Input material -
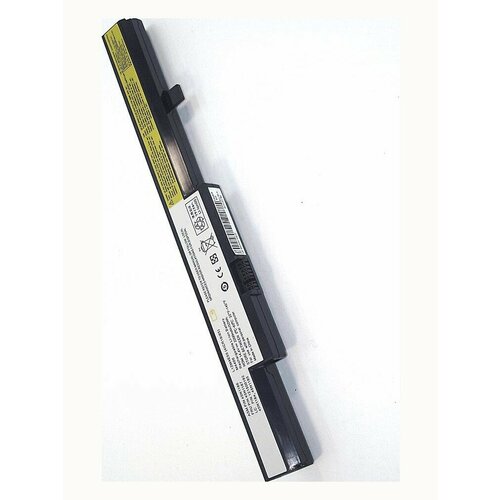 Аккумулятор для ноутбука LENOVO L13S4A01 14.4V 2600mAh
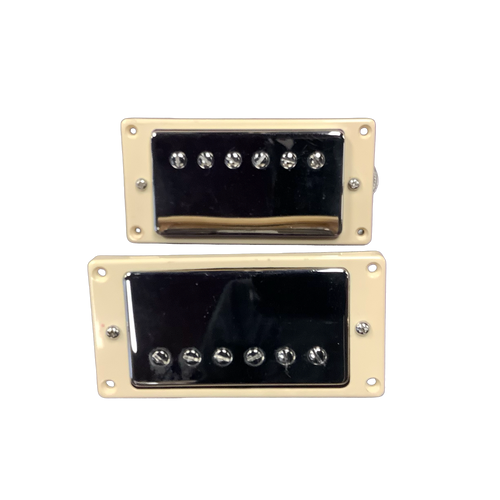 Vist Large View of Product Image Which is Used Gibson GIBSON CUSTOMBUCKERS Guitar Accessory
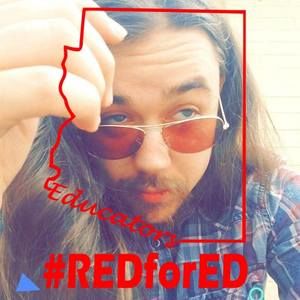 Meet your Posher, Justin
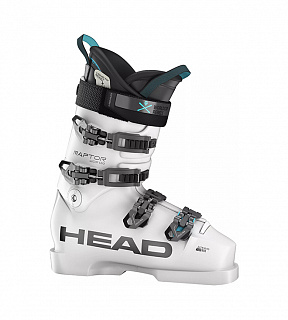   Head Raptor WCR 120S White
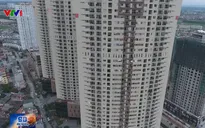Bất cập trong việc thành lập ban quản trị chung cư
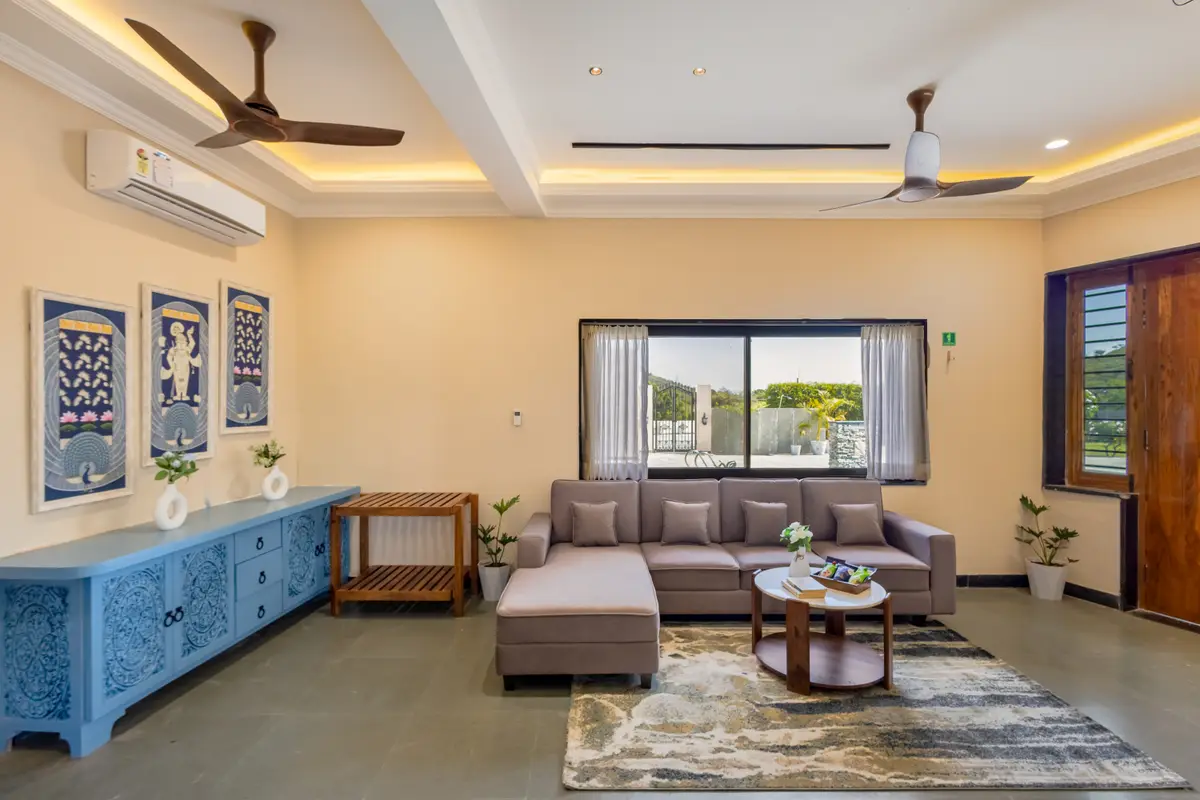 The Shyam Estate, Udaipur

Exercise goal -
The output should be the material above, copied exactly, without its pictures.

Exercise answer -
 Аккумулятор для ноутбука LENOVO L13S4A01 14.4V 2600mAh
 Vist Large View of Product Image Which is Used Gibson GIBSON CUSTOMBUCKERS Guitar Accessory
 Meet your Posher, Justin
   Head Raptor WCR 120S White
Bất cập trong việc thành lập ban quản trị chung cư
 The Shyam Estate, Udaipur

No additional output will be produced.